Items from a data source:
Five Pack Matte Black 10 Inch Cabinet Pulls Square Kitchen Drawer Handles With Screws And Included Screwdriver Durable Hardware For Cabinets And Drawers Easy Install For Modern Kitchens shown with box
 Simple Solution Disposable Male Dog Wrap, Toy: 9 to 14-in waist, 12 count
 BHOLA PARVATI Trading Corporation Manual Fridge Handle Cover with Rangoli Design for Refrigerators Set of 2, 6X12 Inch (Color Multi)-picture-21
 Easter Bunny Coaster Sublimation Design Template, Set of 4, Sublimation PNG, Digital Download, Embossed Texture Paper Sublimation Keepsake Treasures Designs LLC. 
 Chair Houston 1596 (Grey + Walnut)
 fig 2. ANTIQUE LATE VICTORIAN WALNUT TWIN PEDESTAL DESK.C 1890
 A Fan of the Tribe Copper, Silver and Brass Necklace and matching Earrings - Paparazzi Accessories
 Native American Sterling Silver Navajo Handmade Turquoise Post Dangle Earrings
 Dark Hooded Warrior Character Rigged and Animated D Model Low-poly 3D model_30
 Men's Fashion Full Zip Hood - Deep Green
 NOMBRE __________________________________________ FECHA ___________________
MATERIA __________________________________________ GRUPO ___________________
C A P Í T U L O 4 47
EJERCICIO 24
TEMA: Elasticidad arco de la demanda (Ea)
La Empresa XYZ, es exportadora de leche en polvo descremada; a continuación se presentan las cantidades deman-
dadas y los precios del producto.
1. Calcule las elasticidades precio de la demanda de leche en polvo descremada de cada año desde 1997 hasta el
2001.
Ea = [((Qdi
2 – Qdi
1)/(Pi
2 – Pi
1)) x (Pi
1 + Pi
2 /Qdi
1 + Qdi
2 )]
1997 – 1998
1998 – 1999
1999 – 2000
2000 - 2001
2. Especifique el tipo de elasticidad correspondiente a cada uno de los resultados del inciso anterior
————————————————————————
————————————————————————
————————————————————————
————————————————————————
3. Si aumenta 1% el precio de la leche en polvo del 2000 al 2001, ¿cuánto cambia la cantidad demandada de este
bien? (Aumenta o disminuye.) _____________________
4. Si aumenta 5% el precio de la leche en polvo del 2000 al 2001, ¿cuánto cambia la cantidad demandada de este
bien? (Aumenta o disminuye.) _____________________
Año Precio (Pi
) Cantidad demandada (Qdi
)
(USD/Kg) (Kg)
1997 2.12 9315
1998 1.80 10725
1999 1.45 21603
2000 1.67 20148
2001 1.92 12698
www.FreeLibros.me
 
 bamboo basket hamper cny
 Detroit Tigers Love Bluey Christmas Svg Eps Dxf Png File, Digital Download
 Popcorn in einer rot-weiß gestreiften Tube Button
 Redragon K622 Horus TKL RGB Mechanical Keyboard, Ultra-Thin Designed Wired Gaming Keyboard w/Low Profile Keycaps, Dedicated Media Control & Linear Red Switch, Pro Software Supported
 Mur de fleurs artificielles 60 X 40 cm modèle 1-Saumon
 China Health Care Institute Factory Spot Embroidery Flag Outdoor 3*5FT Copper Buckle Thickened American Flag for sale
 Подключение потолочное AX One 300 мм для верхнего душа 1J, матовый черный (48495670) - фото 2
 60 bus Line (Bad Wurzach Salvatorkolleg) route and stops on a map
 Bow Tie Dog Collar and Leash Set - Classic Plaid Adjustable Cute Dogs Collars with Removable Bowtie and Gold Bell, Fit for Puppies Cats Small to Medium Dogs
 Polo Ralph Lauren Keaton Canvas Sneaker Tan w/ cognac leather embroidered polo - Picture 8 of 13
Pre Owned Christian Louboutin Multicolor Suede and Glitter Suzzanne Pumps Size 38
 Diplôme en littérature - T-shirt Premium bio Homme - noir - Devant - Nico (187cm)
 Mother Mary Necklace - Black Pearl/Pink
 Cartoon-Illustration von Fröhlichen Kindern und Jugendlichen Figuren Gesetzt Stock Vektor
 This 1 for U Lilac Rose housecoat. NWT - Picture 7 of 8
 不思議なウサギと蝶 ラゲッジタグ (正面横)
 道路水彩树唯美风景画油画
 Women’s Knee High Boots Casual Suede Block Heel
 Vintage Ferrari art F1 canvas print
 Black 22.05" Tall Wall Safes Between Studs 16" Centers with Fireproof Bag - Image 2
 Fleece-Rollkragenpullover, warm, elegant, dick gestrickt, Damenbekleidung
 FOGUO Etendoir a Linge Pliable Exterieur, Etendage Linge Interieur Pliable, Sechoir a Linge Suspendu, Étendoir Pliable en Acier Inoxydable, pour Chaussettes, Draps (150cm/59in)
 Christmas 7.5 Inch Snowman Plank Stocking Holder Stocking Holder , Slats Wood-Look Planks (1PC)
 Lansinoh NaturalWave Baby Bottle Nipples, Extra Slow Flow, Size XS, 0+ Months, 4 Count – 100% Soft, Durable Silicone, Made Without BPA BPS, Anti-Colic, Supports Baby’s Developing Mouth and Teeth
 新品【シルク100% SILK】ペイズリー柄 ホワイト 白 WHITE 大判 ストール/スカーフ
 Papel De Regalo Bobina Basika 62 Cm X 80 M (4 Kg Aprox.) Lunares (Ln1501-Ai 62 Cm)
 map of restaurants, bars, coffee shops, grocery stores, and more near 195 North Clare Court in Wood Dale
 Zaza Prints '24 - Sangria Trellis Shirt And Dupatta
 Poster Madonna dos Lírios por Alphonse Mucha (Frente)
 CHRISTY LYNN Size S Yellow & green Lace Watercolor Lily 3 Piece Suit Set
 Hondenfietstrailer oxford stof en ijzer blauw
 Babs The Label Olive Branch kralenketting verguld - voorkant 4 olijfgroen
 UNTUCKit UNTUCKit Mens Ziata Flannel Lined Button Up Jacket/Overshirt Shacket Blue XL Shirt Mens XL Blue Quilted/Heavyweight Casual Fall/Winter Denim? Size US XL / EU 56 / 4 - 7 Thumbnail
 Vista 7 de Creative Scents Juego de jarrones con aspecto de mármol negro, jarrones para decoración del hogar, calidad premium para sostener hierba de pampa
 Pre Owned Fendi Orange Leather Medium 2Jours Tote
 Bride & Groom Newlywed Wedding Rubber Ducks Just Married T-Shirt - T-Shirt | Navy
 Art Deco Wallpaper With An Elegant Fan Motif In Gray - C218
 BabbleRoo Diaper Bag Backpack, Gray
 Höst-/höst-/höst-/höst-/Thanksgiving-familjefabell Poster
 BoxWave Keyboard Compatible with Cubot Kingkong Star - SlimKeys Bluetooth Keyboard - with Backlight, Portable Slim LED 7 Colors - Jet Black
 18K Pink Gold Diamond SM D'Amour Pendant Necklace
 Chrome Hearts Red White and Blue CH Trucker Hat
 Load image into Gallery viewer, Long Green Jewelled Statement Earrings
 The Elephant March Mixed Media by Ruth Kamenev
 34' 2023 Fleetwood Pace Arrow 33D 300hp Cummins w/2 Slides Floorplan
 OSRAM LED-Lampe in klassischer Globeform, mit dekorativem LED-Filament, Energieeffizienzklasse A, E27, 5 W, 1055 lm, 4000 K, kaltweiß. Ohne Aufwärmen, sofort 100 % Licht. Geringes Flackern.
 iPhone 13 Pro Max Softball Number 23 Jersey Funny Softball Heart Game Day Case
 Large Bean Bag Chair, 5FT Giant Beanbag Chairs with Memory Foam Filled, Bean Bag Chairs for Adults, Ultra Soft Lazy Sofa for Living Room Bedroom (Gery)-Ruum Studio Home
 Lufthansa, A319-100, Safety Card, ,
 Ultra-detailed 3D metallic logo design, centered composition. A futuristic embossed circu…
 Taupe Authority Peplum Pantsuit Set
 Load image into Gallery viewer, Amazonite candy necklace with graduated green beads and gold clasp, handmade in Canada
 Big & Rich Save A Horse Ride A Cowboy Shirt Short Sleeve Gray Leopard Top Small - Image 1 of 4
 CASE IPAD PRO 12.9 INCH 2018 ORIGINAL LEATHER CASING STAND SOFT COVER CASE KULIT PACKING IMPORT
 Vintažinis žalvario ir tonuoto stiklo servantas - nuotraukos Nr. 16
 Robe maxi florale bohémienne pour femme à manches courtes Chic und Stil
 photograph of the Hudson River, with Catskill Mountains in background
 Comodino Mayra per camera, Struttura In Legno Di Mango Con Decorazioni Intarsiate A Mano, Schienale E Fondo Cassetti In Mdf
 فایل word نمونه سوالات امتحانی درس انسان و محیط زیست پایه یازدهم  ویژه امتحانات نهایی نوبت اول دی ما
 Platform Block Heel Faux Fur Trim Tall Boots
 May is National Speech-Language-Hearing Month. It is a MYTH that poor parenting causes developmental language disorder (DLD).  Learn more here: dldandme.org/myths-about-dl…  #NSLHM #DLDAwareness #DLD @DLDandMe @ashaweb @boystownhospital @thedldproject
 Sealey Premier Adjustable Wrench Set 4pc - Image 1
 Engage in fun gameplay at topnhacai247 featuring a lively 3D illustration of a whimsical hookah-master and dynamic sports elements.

### TRY IT
Copy word for word the stretch of entries above from the line that has "China Health Care" through the line that has "60 bus Line", both ends included, and nothing outside it.

### WRITTEN ANSWER
 China Health Care Institute Factory Spot Embroidery Flag Outdoor 3*5FT Copper Buckle Thickened American Flag for sale
 Подключение потолочное AX One 300 мм для верхнего душа 1J, матовый черный (48495670) - фото 2
 60 bus Line (Bad Wurzach Salvatorkolleg) route and stops on a map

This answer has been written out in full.